┌────────

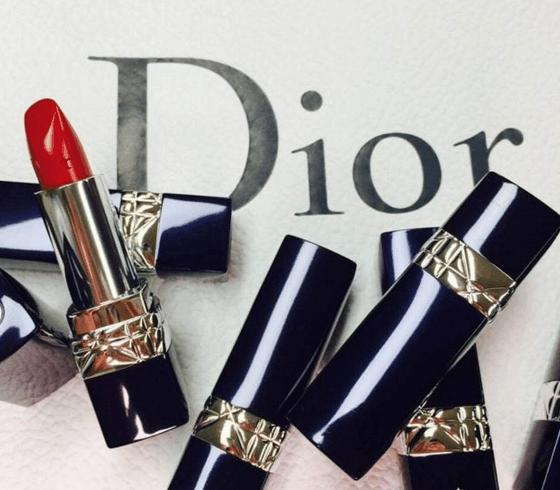 十大必买香水口红推荐,最近最火的香水和口红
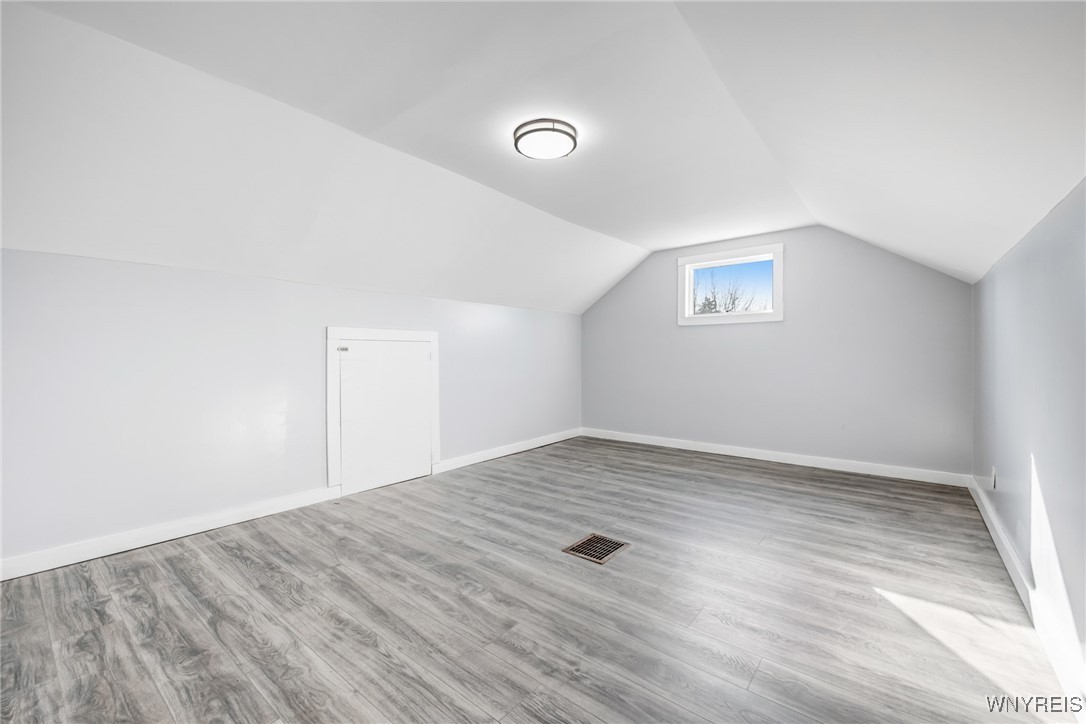 46 Wilkes Avenue, Buffalo, New York image 32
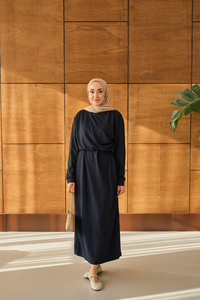 Önü Parça Detaylı Elbise Lacivert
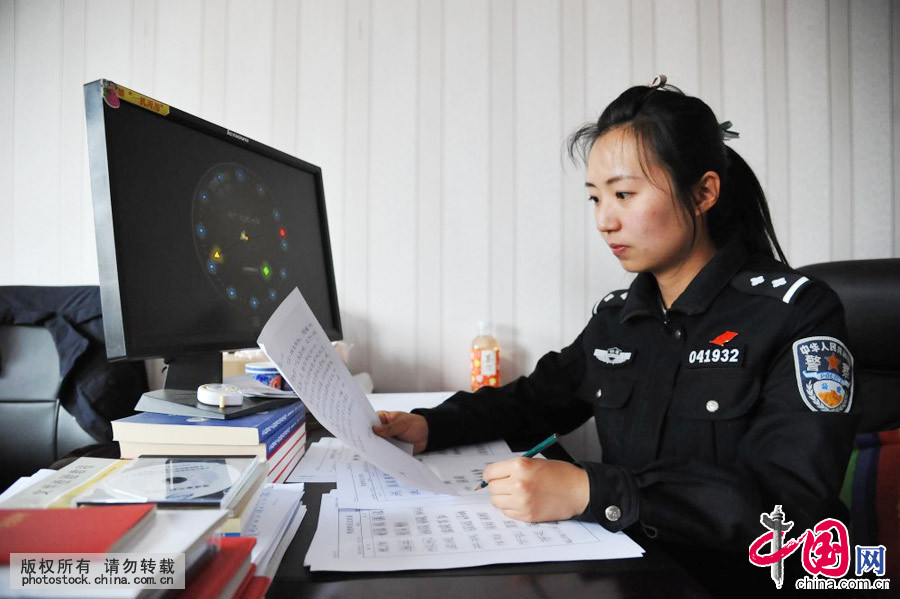90后女刑事技术警察:细微之处揭开真相_中国发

└────────

Exercise goal:
Return the full listing above exactly as written, and omit the pictures.

Response to the exercise:
 十大必买香水口红推荐,最近最火的香水和口红
 46 Wilkes Avenue, Buffalo, New York image 32
 Önü Parça Detaylı Elbise Lacivert
90后女刑事技术警察:细微之处揭开真相_中国发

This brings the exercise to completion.